Use Case: Multiple services must all be healthy

def multi_service_check():
    """
    Check multiple services - all must be healthy
    """
    checks = {
        'nginx': lambda: http_health_check("http://localhost:80"),
        'redis': lambda: tcp_port_check("localhost", 6379),
        'app': lambda: http_health_check("http://localhost:8080/health"),
    }

    results = {}
    for name, check_func in checks.items():
        results[name] = check_func()
        if not results[name]:
            logging.warning(f"Service {name} is unhealthy")

    all_healthy = all(results.values())
    logging.info(f"Health check results: {results}, all healthy: {all_healthy}")

    return all_healthy

Dampening and Flap Prevention

Rise/Fall Counters

Problem: Transient failures cause route flapping.

Solution: Require multiple consecutive passes/fails.

class HealthCheckDampener:
    """Dampening logic for health checks"""

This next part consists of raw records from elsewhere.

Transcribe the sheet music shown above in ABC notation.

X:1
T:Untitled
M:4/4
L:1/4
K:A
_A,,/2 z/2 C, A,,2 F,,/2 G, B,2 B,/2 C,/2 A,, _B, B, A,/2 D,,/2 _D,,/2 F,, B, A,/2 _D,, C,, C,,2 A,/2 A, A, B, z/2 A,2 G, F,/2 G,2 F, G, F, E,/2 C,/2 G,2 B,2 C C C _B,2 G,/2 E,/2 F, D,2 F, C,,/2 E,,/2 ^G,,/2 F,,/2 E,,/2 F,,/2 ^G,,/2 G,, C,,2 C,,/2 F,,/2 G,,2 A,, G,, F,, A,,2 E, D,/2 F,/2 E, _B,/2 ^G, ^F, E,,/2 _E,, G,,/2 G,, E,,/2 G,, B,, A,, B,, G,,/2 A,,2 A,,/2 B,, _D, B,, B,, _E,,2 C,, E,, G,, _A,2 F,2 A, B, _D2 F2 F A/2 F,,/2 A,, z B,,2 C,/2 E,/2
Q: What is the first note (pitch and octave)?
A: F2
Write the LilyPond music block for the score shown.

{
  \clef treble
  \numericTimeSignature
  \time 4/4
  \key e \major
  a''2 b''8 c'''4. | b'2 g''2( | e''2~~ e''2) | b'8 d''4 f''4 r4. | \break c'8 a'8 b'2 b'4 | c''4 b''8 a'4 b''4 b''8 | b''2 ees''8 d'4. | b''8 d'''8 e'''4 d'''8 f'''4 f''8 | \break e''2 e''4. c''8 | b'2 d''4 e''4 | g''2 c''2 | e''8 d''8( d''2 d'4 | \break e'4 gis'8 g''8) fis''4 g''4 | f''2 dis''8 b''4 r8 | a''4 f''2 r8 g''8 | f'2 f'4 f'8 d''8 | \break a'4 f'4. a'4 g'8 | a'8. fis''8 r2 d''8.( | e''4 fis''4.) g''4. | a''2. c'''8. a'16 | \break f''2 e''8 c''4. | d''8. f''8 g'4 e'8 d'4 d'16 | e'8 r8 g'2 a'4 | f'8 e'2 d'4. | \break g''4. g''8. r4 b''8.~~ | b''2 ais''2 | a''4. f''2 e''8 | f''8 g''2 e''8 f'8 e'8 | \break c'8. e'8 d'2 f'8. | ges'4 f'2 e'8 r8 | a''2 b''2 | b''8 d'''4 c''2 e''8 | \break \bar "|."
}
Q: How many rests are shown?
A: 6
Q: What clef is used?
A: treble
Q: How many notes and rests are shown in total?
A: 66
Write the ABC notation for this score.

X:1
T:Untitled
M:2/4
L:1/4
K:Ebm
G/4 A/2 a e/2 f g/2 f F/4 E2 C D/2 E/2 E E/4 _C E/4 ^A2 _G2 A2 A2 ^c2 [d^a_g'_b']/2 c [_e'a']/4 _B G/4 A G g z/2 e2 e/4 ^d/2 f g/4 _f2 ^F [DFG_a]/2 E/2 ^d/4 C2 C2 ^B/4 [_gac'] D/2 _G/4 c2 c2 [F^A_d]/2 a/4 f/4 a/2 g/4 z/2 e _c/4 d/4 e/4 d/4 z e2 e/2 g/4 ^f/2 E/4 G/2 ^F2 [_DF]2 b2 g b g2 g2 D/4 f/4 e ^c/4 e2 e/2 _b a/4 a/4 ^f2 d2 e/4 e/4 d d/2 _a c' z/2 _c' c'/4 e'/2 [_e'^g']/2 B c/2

    def __init__(self, rise_threshold=3, fall_threshold=2):
        self.rise_threshold = rise_threshold
        self.fall_threshold = fall_threshold
        self.rise_count = 0
        self.fall_count = 0
        self.state = 'down'  # Current state: 'up' or 'down'

    def update(self, healthy):
        """
        Update health state based on check result
        Returns True if state changed
        """
        previous_state = self.state

        if healthy:
            self.rise_count += 1
            self.fall_count = 0

            if self.rise_count >= self.rise_threshold:
                self.state = 'up'
                self.rise_count = 0

        else:
            self.fall_count += 1
            self.rise_count = 0

            if self.fall_count >= self.fall_threshold:
                self.state = 'down'
                self.fall_count = 0

        return self.state != previous_state

    def is_up(self):
        """Return True if state is 'up'"""
        return self.state == 'up'

# Usage
dampener = HealthCheckDampener(rise_threshold=3, fall_threshold=2)

while True:
    healthy = check_service_health()
    state_changed = dampener.update(healthy)

    if state_changed:
        if dampener.is_up():
            announce_route()
        else:
            withdraw_route()

    time.sleep(5)

Hysteresis (Different Thresholds)

Use different thresholds for bringing route up vs down:

RISE_THRESHOLD = 3  # Require 3 passes to announce (cautious)
FALL_THRESHOLD = 2  # Only 2 failures to withdraw (fast failover)

Rationale:

  • Higher rise threshold: Avoid announcing prematurely after restart
  • Lower fall threshold: Fail fast when service actually dies

Advanced Patterns

Weighted Health Checks

Use Case: Different checks have different importance.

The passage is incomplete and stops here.